**Exercise requirements:**
Without including any picture, copy the entries that follow word for word.

Supplied data Start Marker

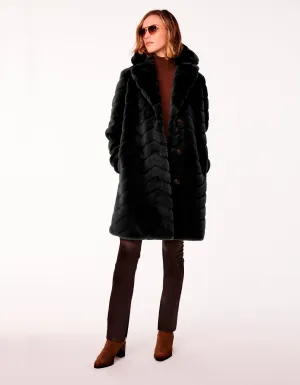 Zigzag Vegan Fur Coat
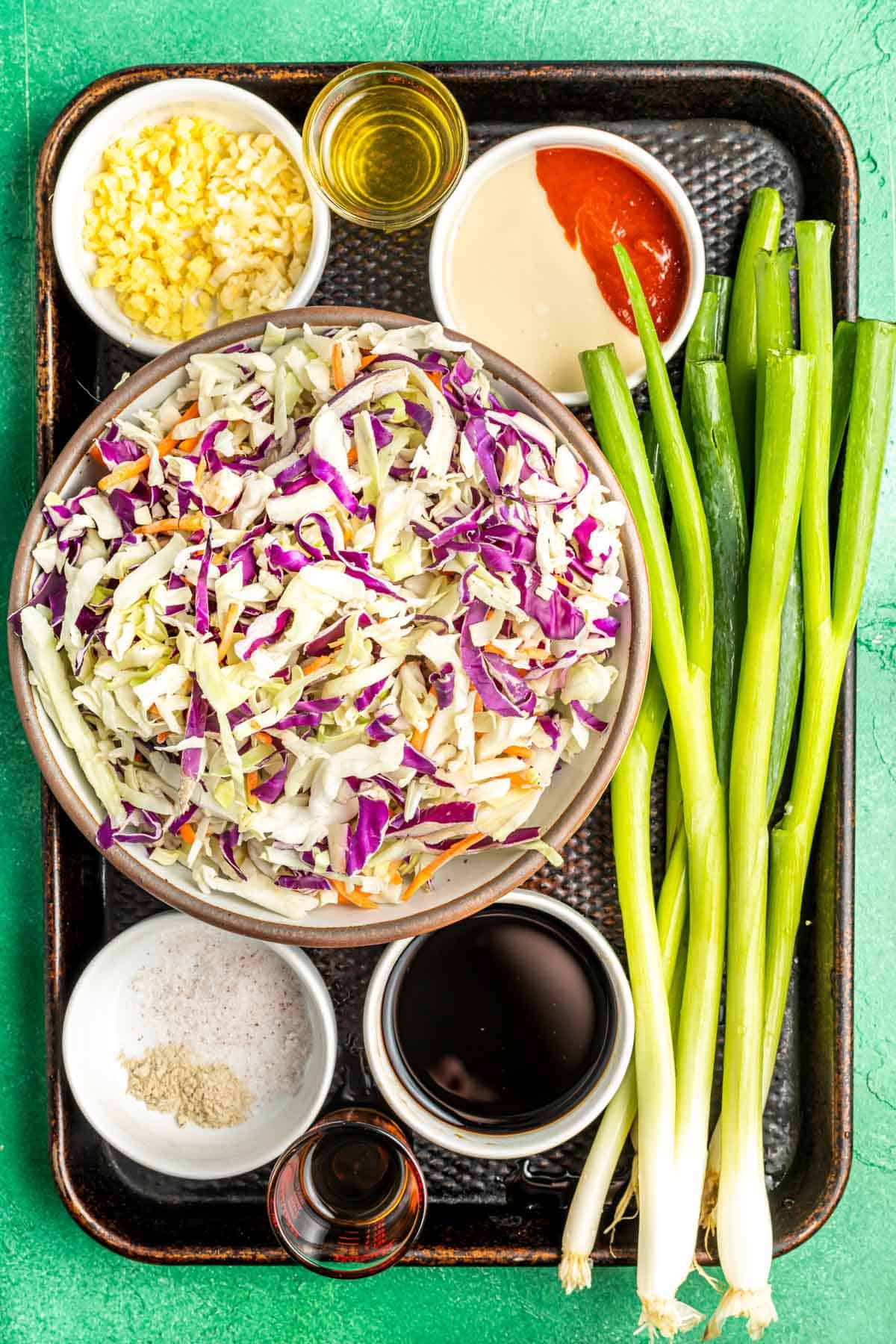 crack slaw ingredients on a baking tray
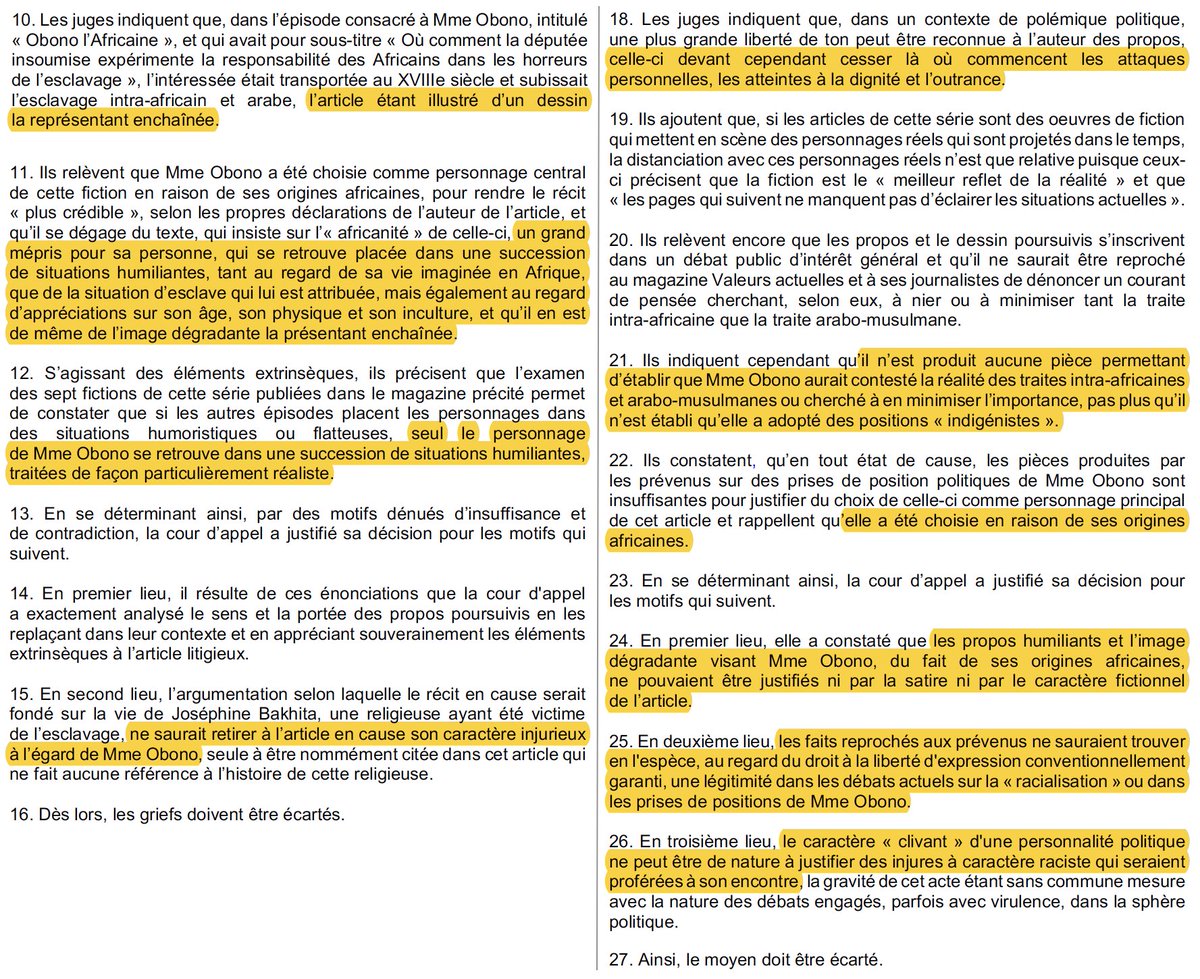 N_Hervieu's tweet photo. Injures racistes : La @Courdecassation confirme la condamnation de journalistes de @Valeurs pour injures racistes envers la @Deputee_Obono.

Dans un article intitulé « Obono l’Africaine », la députée avait été représentée en esclave enchaînée.

[Crim. 16 janv. 2024, n° 22-87.475] https://t.co/vbvw9PO1yr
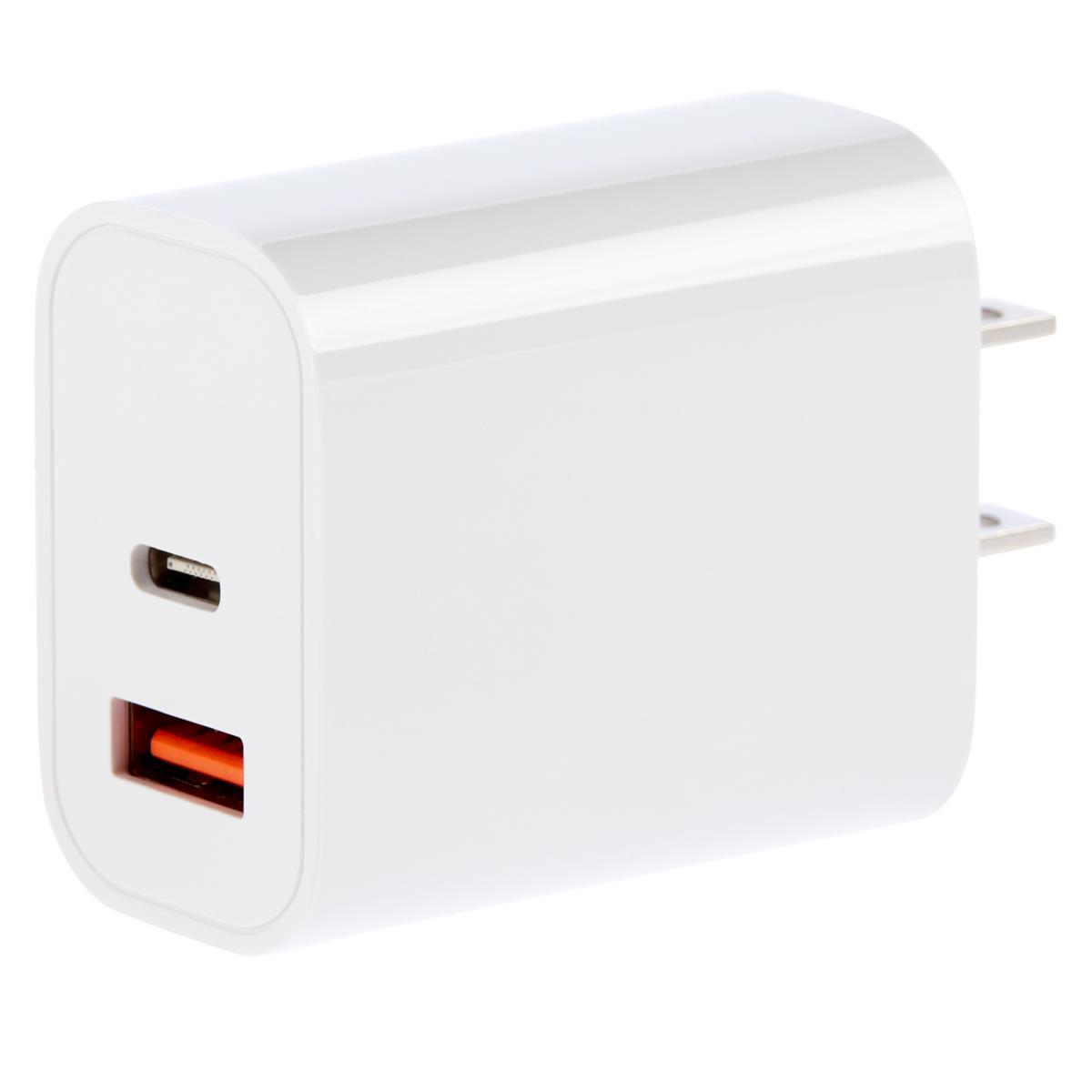 Dual Port Fast Charge USBC and USBA Universal Compact Wall Charger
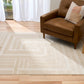Ozlo ecru patterned area rug with geometric design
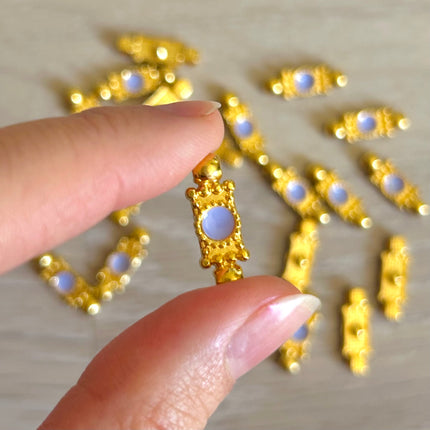 1 x Zwischenstück | Zinklegierung & Epoxidharz | in Gold & Lavendel | 21 x 7 mm | Für Mikromakramee, Schmuck & DIY‘s (Kopie)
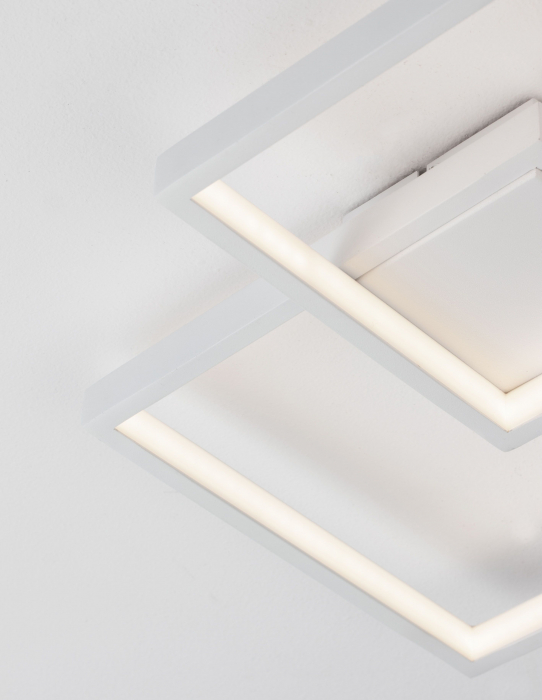 Plafoniera LED alba/neagra stil minimalist Aina 20/25 cm, forma doua patrate suprapuse, 9364037 - Novaluce [11]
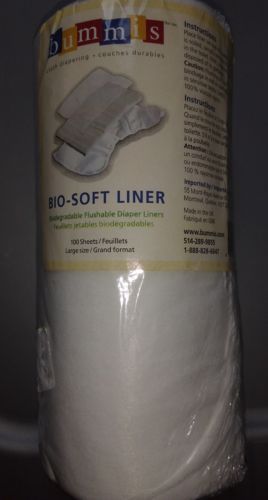 New Bummis Bio-Soft Liner 100 Sheets Large Baby Infant Toddler Diapers Cloth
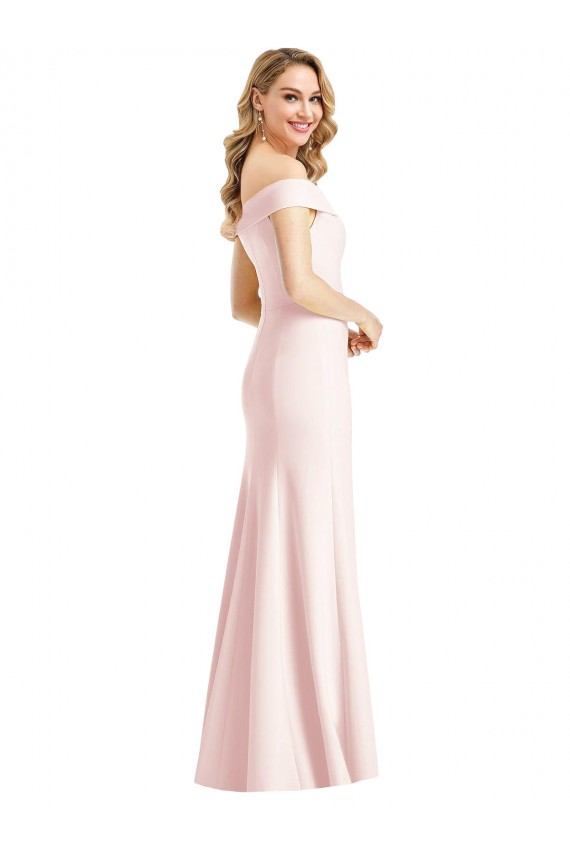 Best Stretch Crepe Off the Shoulder Sleeveless Long Evening Gowns Canada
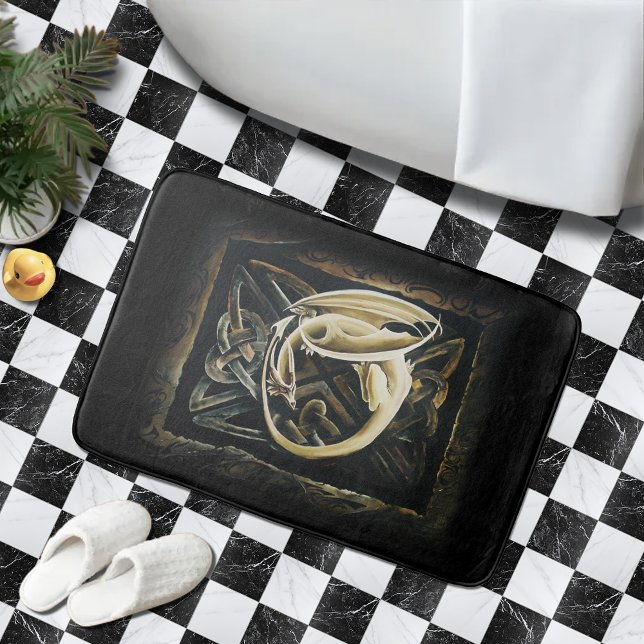 Cream Celtic Art Dragon Fantasy Bath Mat (Creator Uploaded)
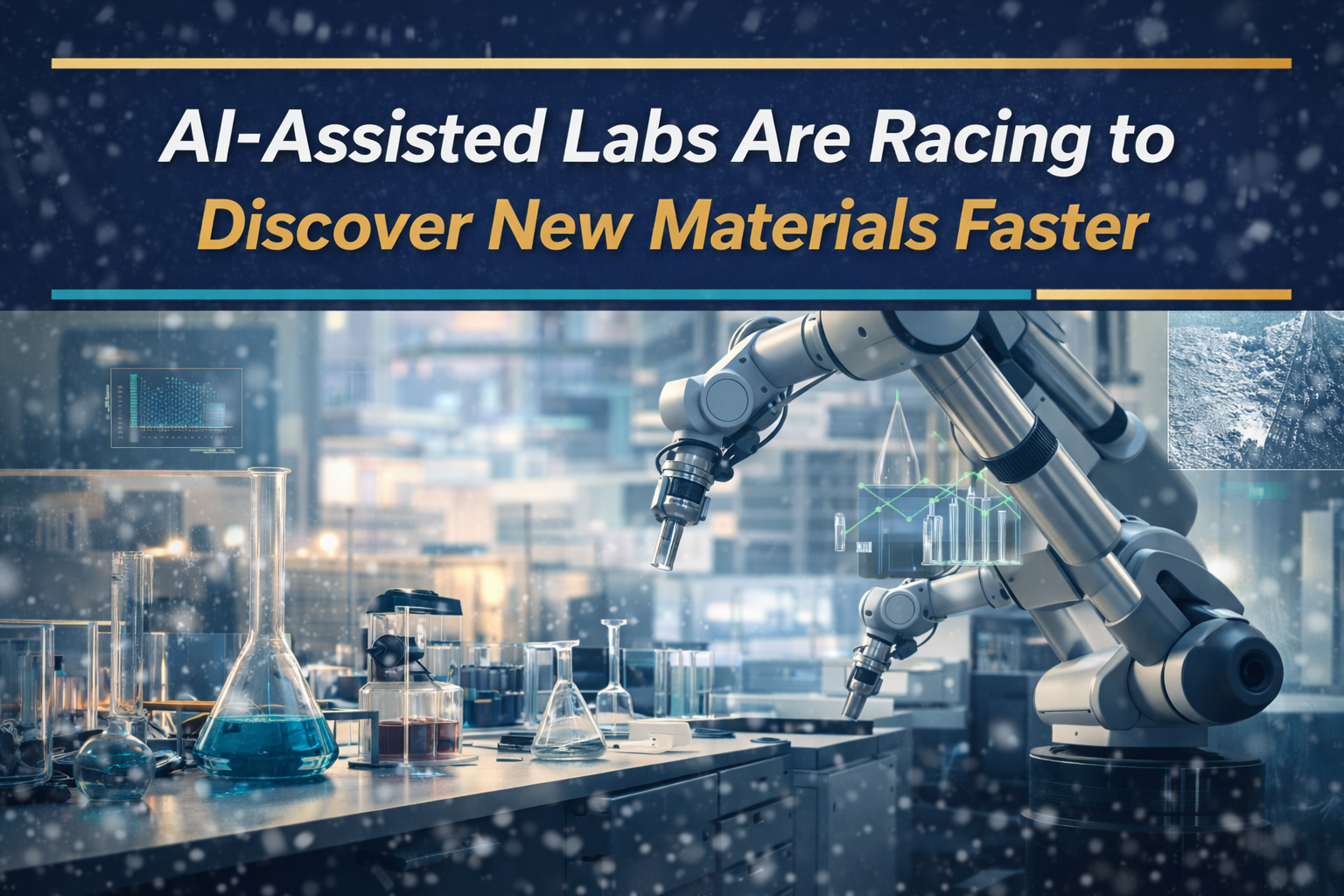 Photographic banner of a robotic lab with digital overlays, showing AI materials discovery accelerating experiments and new material development.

Supplied data End Marker

**Result of the task:**
 Zigzag Vegan Fur Coat
 crack slaw ingredients on a baking tray
 N_Hervieu's tweet photo. Injures racistes : La @Courdecassation confirme la condamnation de journalistes de @Valeurs pour injures racistes envers la @Deputee_Obono.

Dans un article intitulé « Obono l’Africaine », la députée avait été représentée en esclave enchaînée.

[Crim. 16 janv. 2024, n° 22-87.475] https://t.co/vbvw9PO1yr
 Dual Port Fast Charge USBC and USBA Universal Compact Wall Charger
Ozlo ecru patterned area rug with geometric design
 1 x Zwischenstück | Zinklegierung & Epoxidharz | in Gold & Lavendel | 21 x 7 mm | Für Mikromakramee, Schmuck & DIY‘s (Kopie)
 Plafoniera LED alba/neagra stil minimalist Aina 20/25 cm, forma doua patrate suprapuse, 9364037 - Novaluce [11]
 New Bummis Bio-Soft Liner 100 Sheets Large Baby Infant Toddler Diapers Cloth
 Best Stretch Crepe Off the Shoulder Sleeveless Long Evening Gowns Canada
 Cream Celtic Art Dragon Fantasy Bath Mat (Creator Uploaded)
 Photographic banner of a robotic lab with digital overlays, showing AI materials discovery accelerating experiments and new material development.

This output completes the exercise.